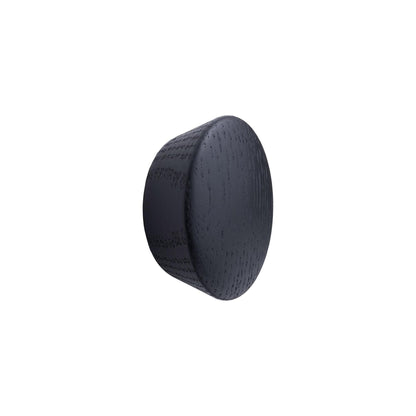 Furnipart Beret Oak Clear Lacquered & Black Wooden Knob 45mm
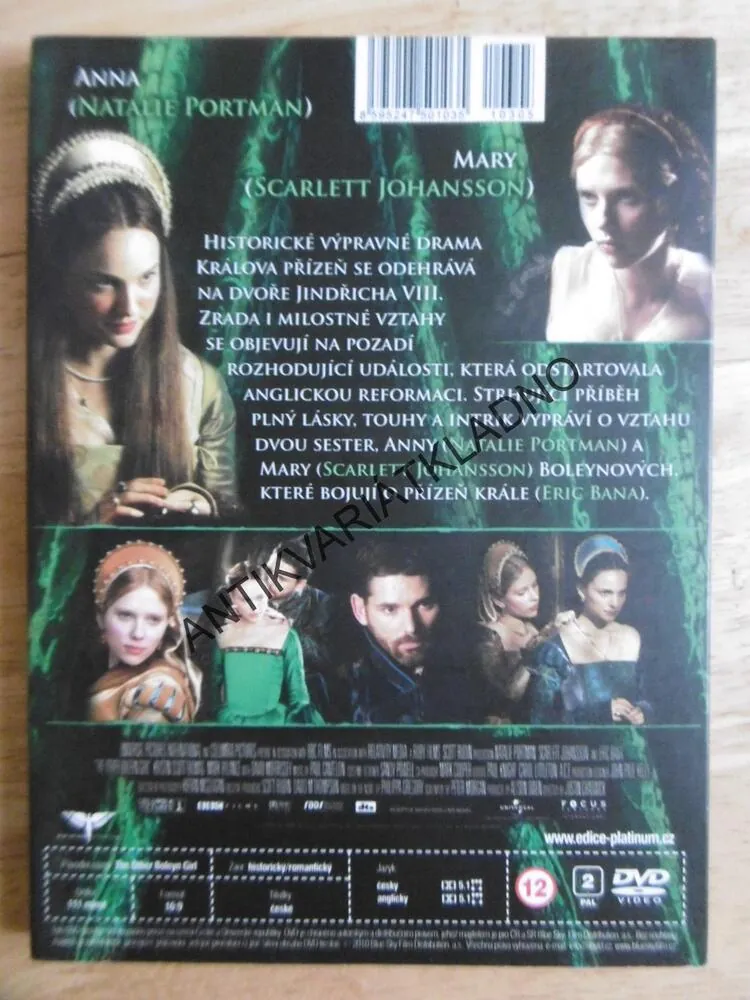 KRÁLOVNA PŘÍZEŇ, DVD FILM 
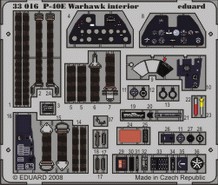 Self Adhesive Detailset Curtiss P40E Warhawk Interior (Hasegawa)  E33-016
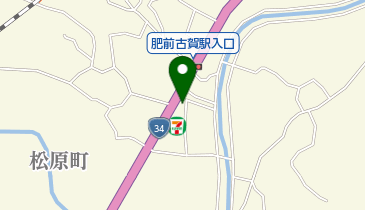 かるかや植木の地図画像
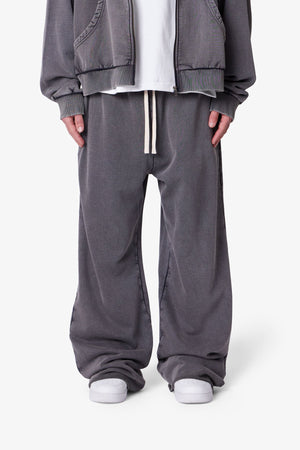 Ultra Baggy Fleece Sweatpants - Vintage Black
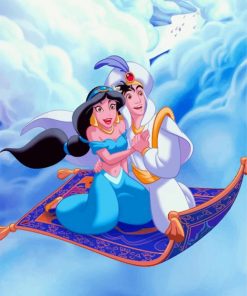 Aladdin and Jasmine Disney Magic Paint By Numbers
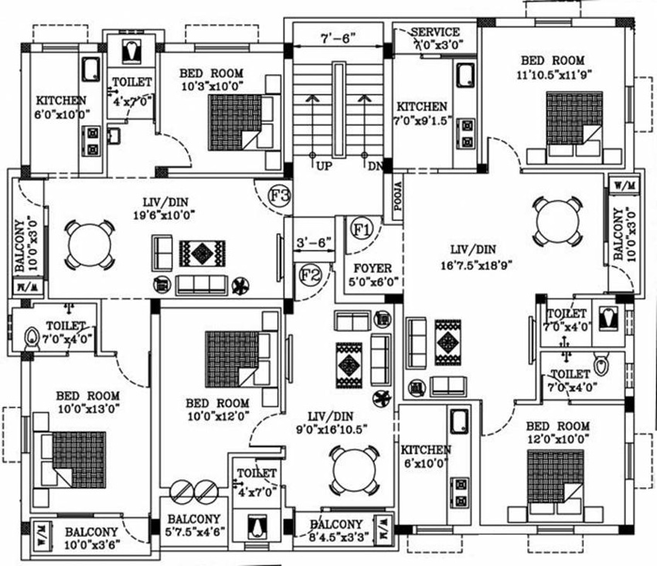 Floor Plan of AA Saral in Perumbakkam, Chennai - Image 245910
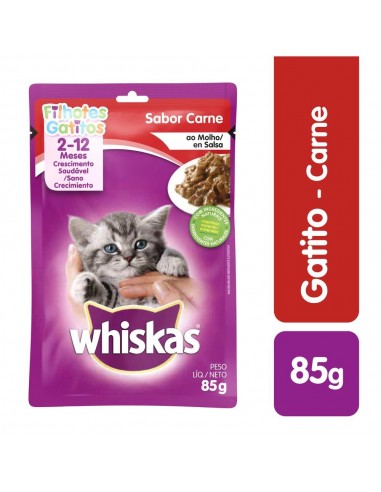 WHISKAS POUCHE GATITOS SB85GR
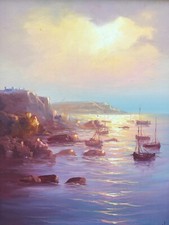 Jean queffelec seascape sunset - jean,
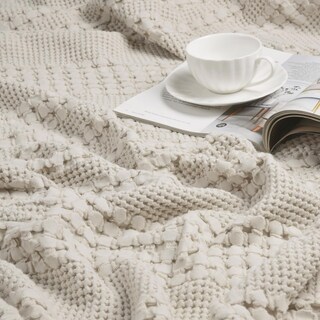 Foto 4 | Fundas De Almohada Phf Waffle 100% Algodón, Tamaño Estándar 20 X 26 Cm, 2 P - Venta Internacional.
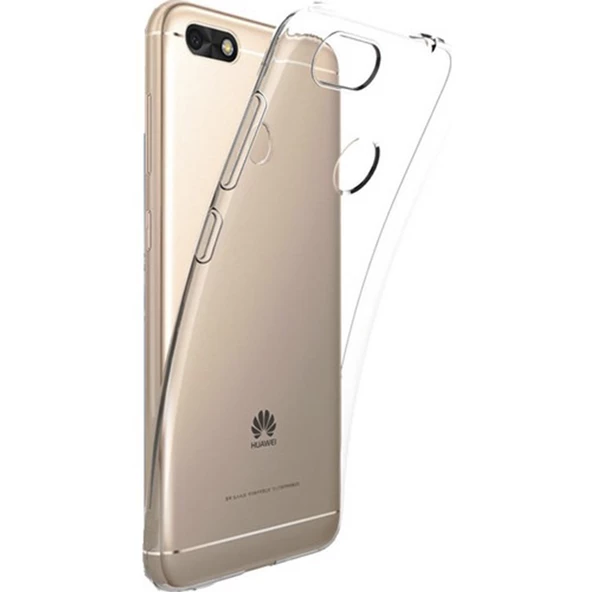 Huawei P9 Lite Mini Kılıf Soft Silikon Şeffaf Arka Kapak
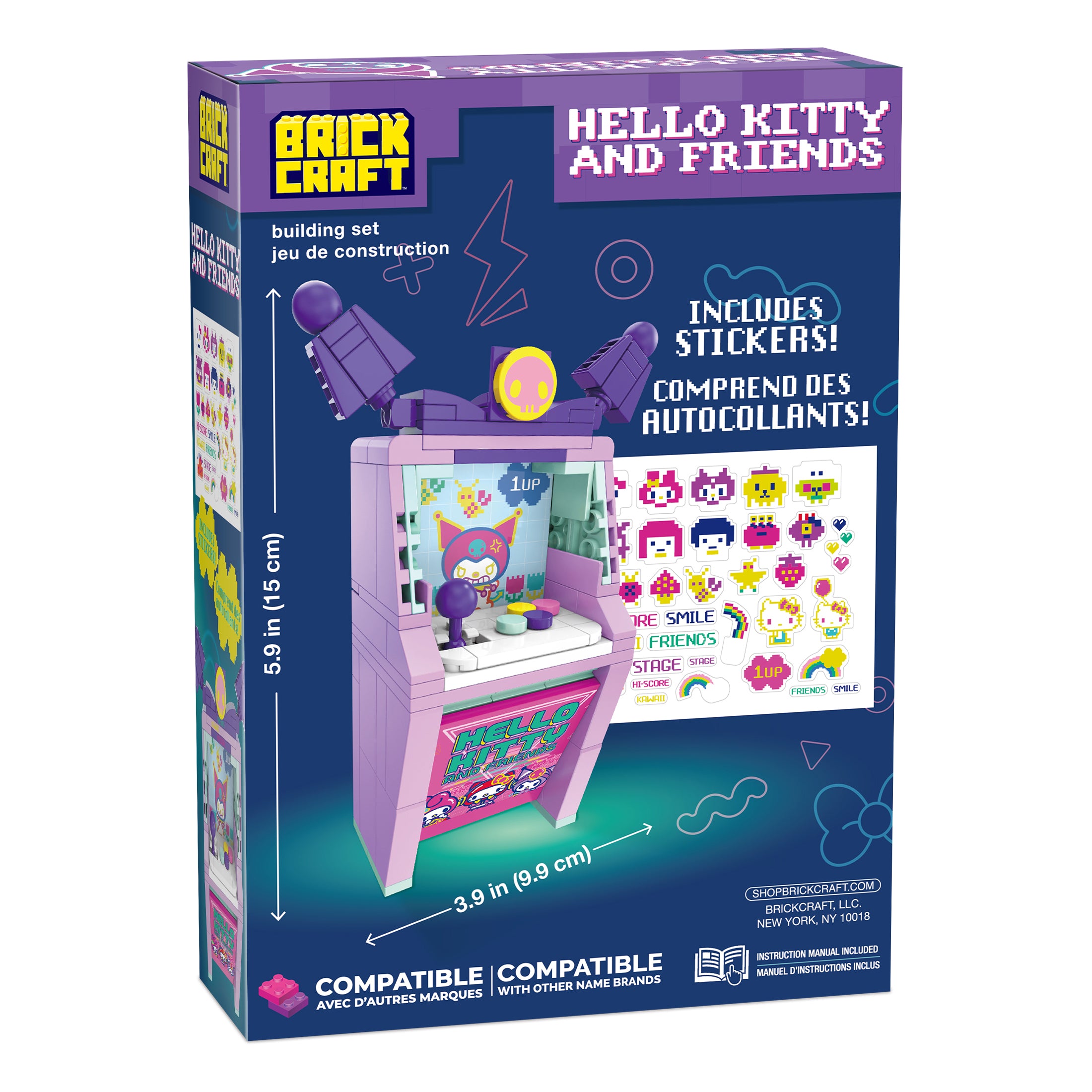 Brickcraft Kuromi Arcade Building Set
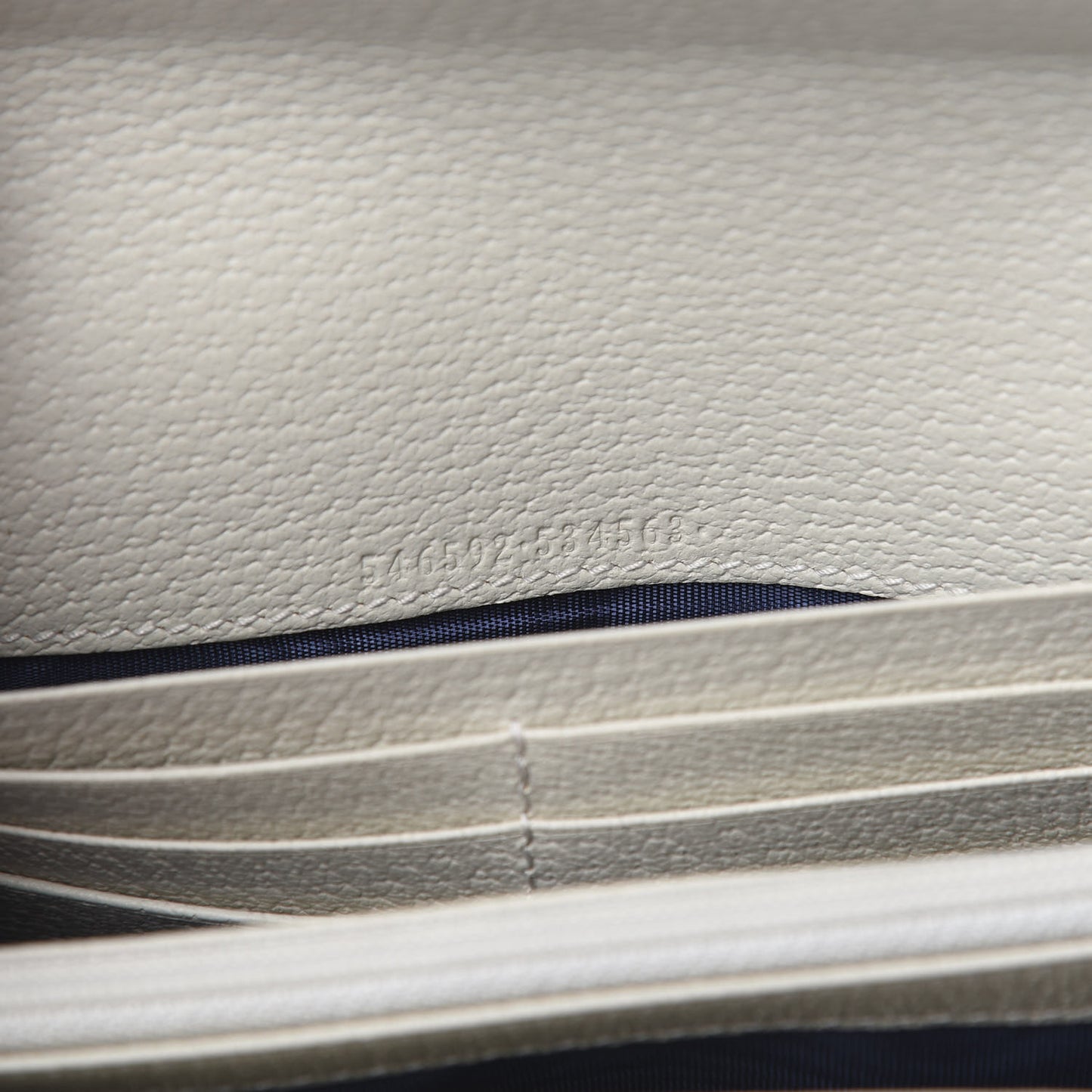 Textured Calfskin Web Ophidia Wallet On Chain Mystic White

* * * * *

> **Assignment**:
Word for word, repeat only the lines from the line containing "KRÁLOVNA PŘÍZEŇ, DVD FILM" through the end of the data, without any pictures.

> **Exercise solution**:
 KRÁLOVNA PŘÍZEŇ, DVD FILM 
 Self Adhesive Detailset Curtiss P40E Warhawk Interior (Hasegawa)  E33-016
 かるかや植木の地図画像
 Ultra Baggy Fleece Sweatpants - Vintage Black
 Aladdin and Jasmine Disney Magic Paint By Numbers
 Floor Plan of AA Saral in Perumbakkam, Chennai - Image 245910
 WHISKAS POUCHE GATITOS SB85GR
 Jean queffelec seascape sunset - jean,
 Foto 4 | Fundas De Almohada Phf Waffle 100% Algodón, Tamaño Estándar 20 X 26 Cm, 2 P - Venta Internacional.
 Huawei P9 Lite Mini Kılıf Soft Silikon Şeffaf Arka Kapak
 Brickcraft Kuromi Arcade Building Set
 Textured Calfskin Web Ophidia Wallet On Chain Mystic White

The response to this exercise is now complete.